Short web captions
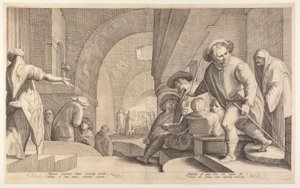 Adoración de los pastores de Jan Saenredam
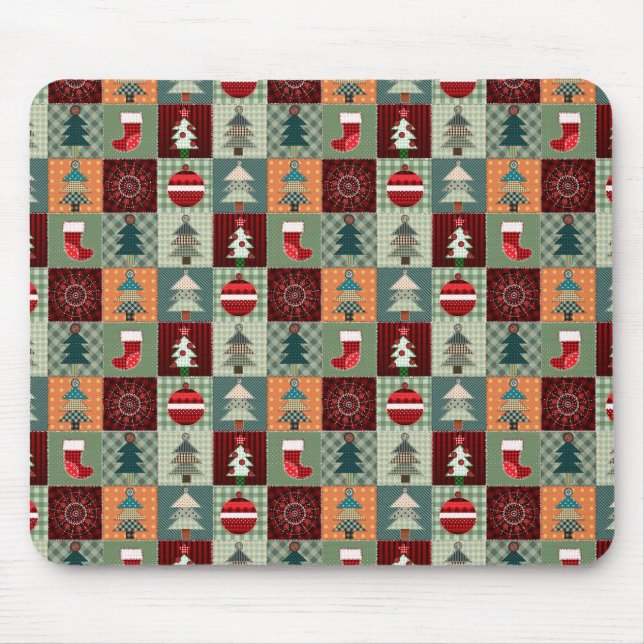 Tapis De Souris Nostalgale Vintage Patchwork Quilt (Devant)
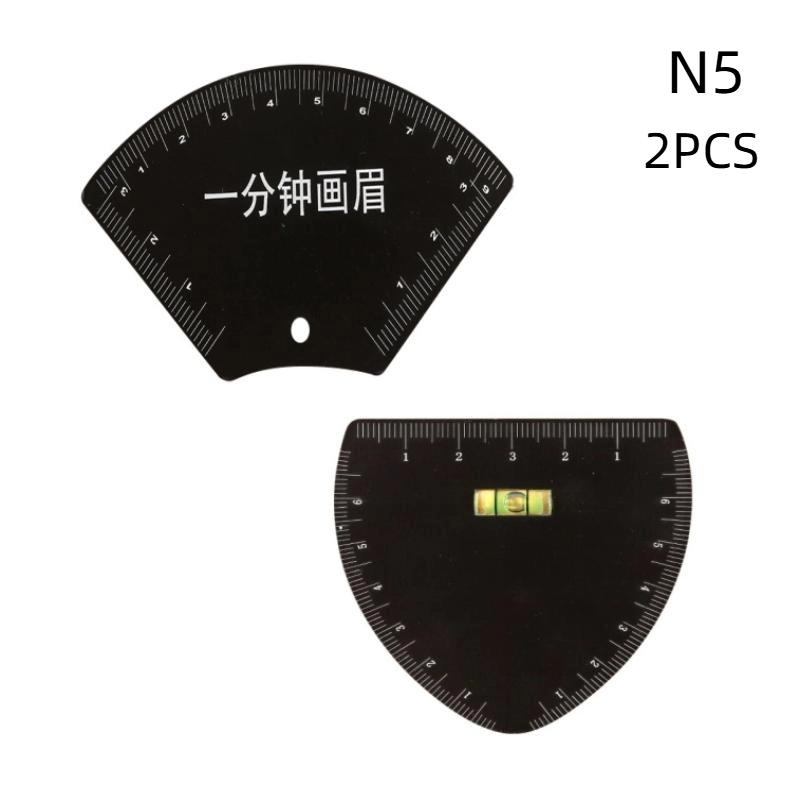 Stainless Steel Fast Drawing Eyebrow Design Ruler Microblading Mapping Tool Shaping Permanent Makeup Drawing Guide Ruler Tattoo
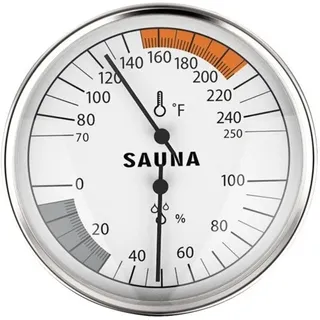 Saunathermometer, 2-in-1-Saunathermometer Fahrenheit und Hygrometer, Wandhalterung für Sauna, Innentemperatur- und Feuchtigkeitsmonitor,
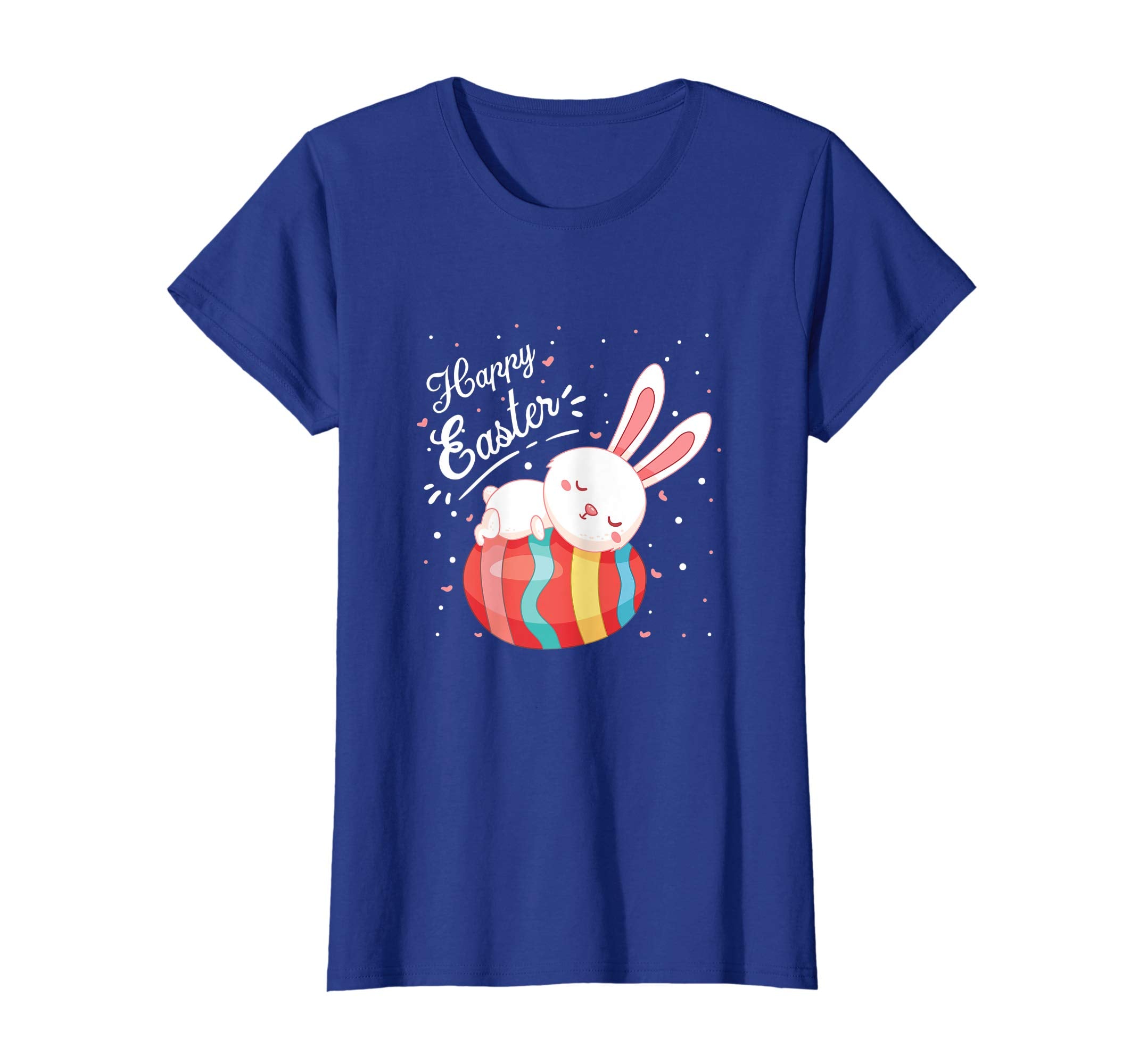 Happy Easter Bunny Tee T Shirt With Easter Eggs Tee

• [The task]: The result should hold only the lines from the line with "Saunathermometer, 2-in-1-Saunathermometer Fahrenheit" through the final line of the records above, copied exactly, with pictures left out.

• [Result of the exercise]:
 Saunathermometer, 2-in-1-Saunathermometer Fahrenheit und Hygrometer, Wandhalterung für Sauna, Innentemperatur- und Feuchtigkeitsmonitor,
 Happy Easter Bunny Tee T Shirt With Easter Eggs Tee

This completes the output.